**Assignment**
Copy each entry below unchanged; the images do not go in the copy.

**The input**
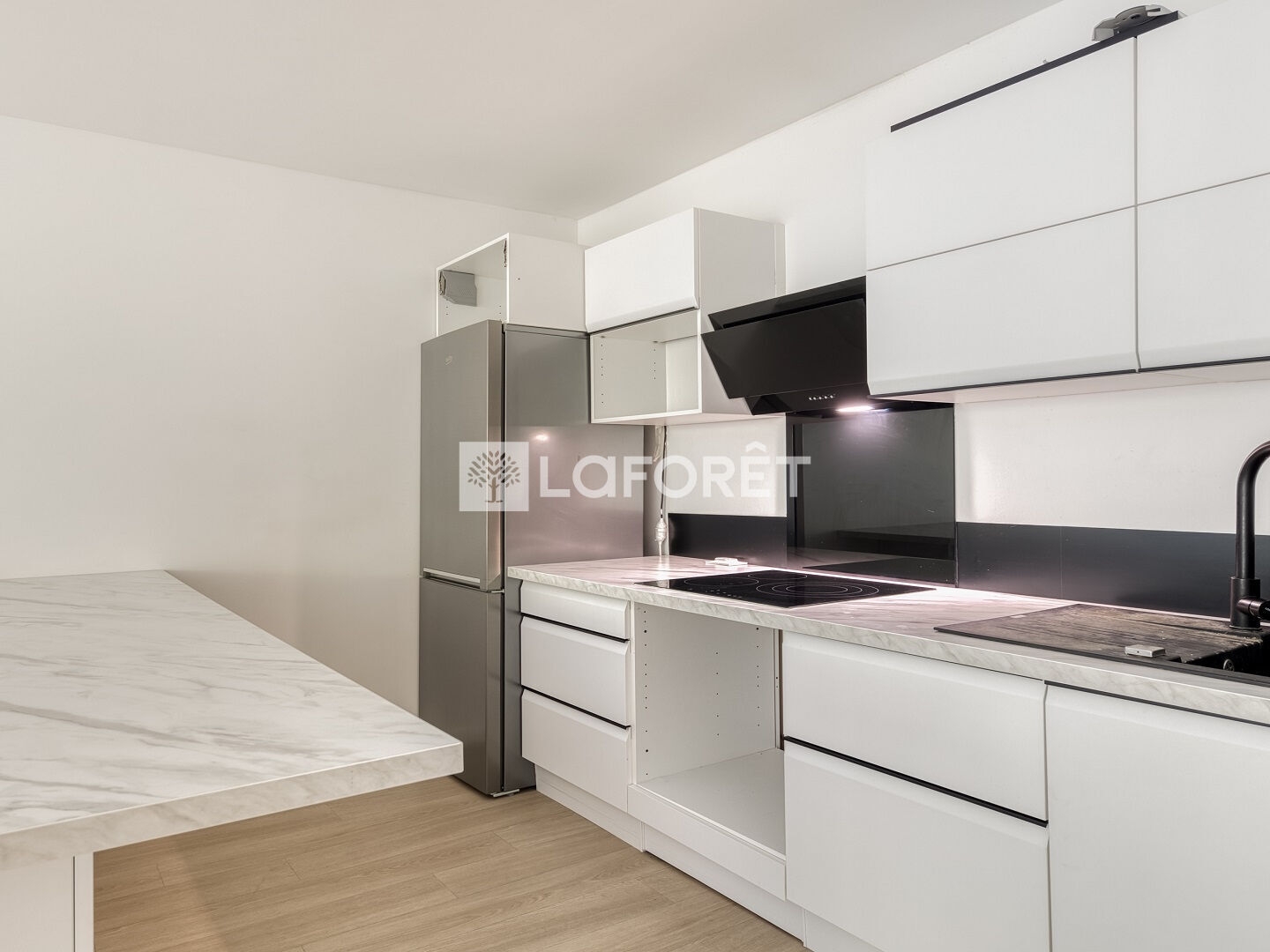 Appartement à vendre - 2 pièces - 48m2 - Roissy-En-Brie (77680)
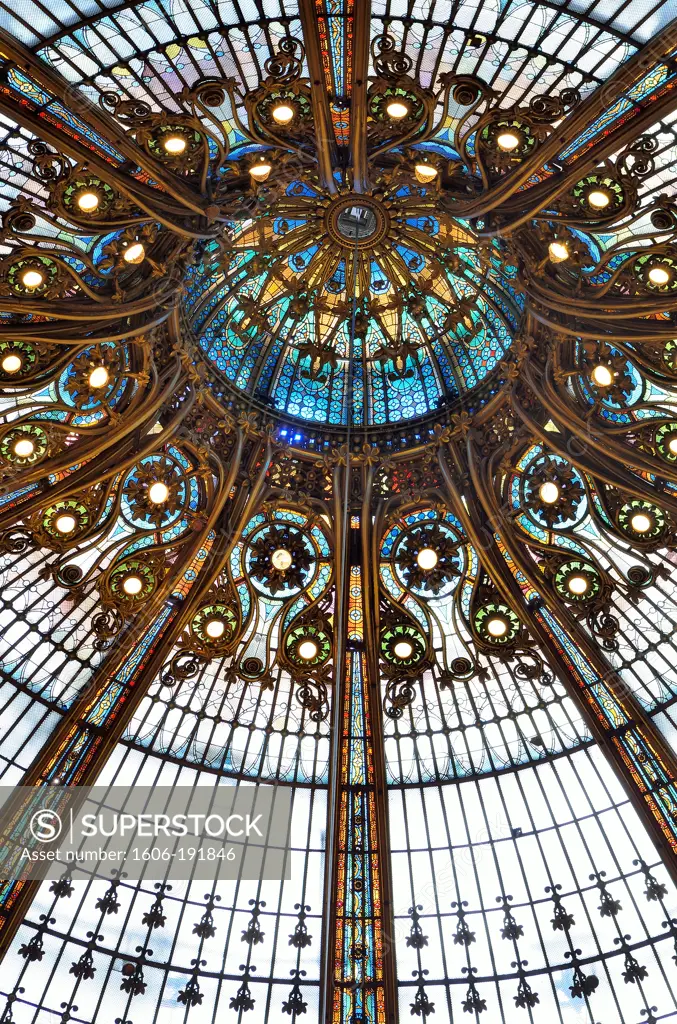France, Paris, Boulevard Haussman, department store Les Galeries Lafayette, glass roof of the dome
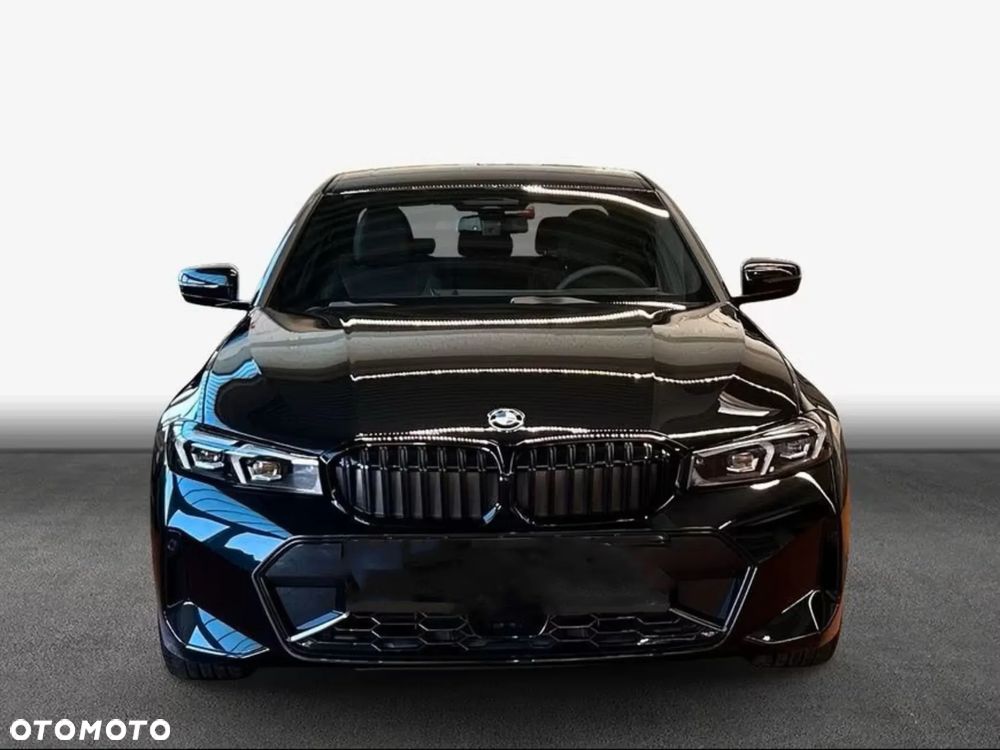 BMW Seria 3 330d xDrive mHEV M Sport - 2
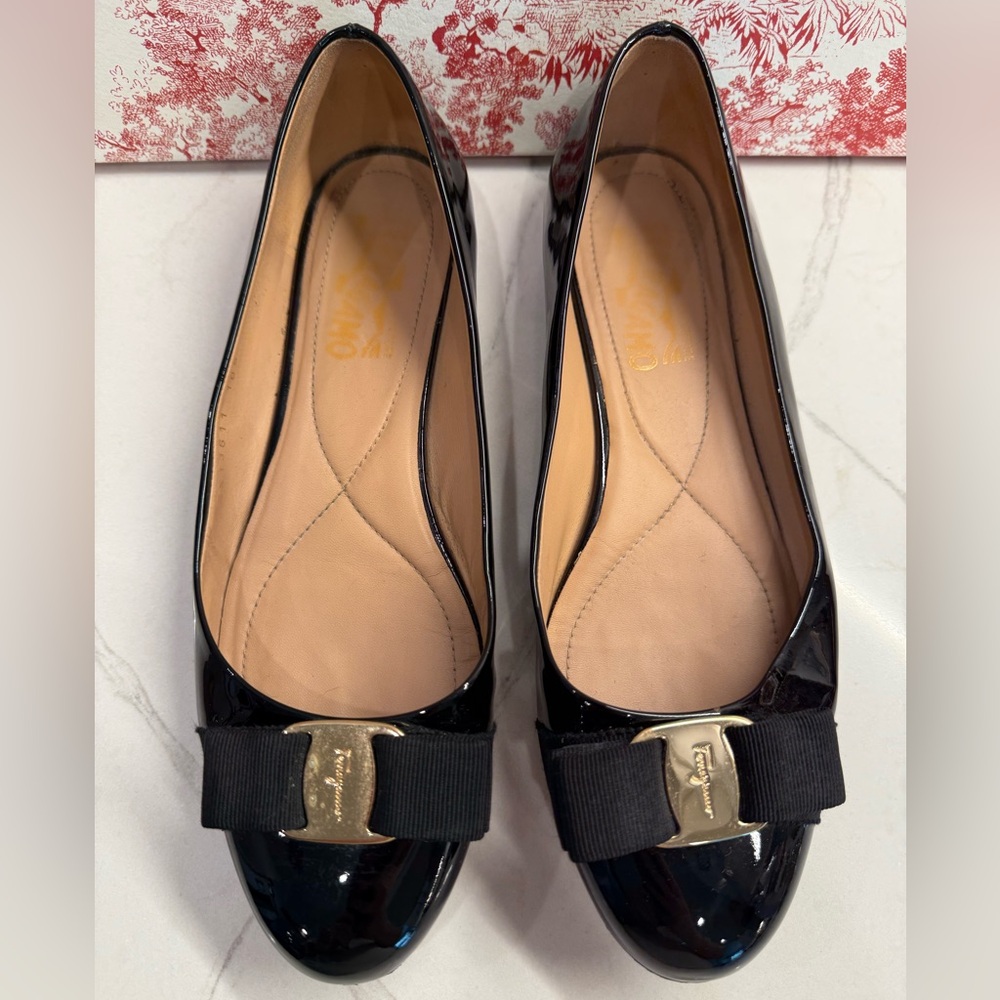 Salvatore Ferragamo Varina Black Patent Leather Ballet Flats, Size 8.5 - Picture 2 of 7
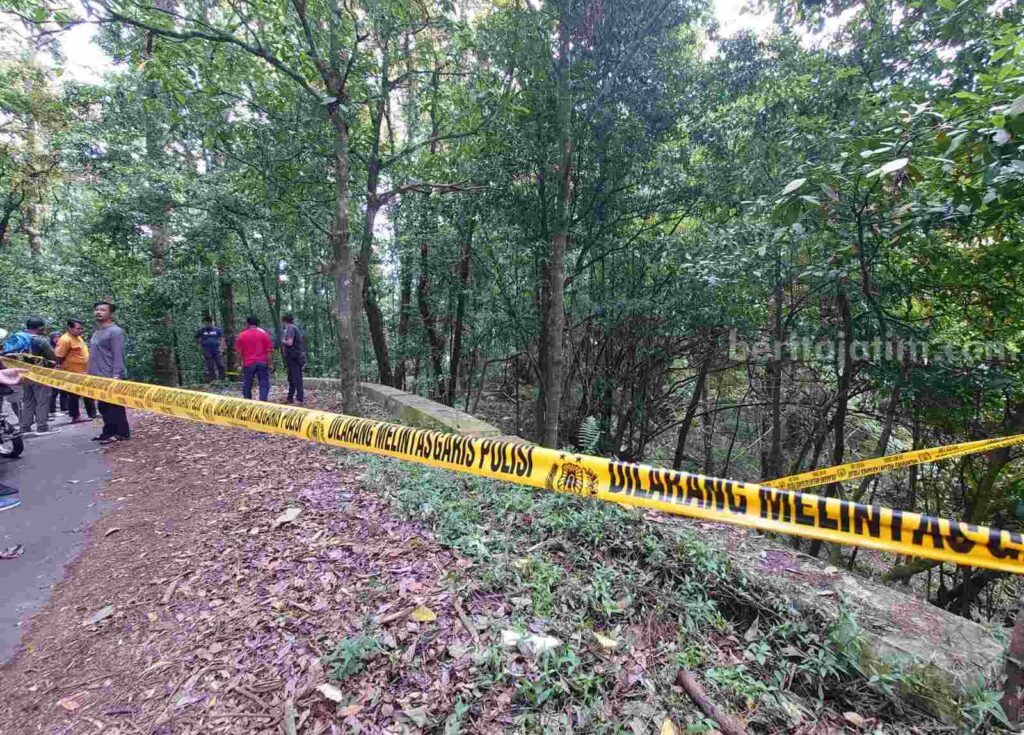 Lokasi penemuan mayat di Blok Lembah Bang, Tahura Raden Soerjo tepatnya di Dusun Pacet Selatan, Desa Pacet, Kecamatan Pacet, Kabupaten Mojokerto dipasang garis polisi. [Foto: Ist]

**Answer to the problem**
 Appartement à vendre - 2 pièces - 48m2 - Roissy-En-Brie (77680)
France, Paris, Boulevard Haussman, department store Les Galeries Lafayette, glass roof of the dome
 BMW Seria 3 330d xDrive mHEV M Sport - 2
 Salvatore Ferragamo Varina Black Patent Leather Ballet Flats, Size 8.5 - Picture 2 of 7
 Lokasi penemuan mayat di Blok Lembah Bang, Tahura Raden Soerjo tepatnya di Dusun Pacet Selatan, Desa Pacet, Kecamatan Pacet, Kabupaten Mojokerto dipasang garis polisi. [Foto: Ist]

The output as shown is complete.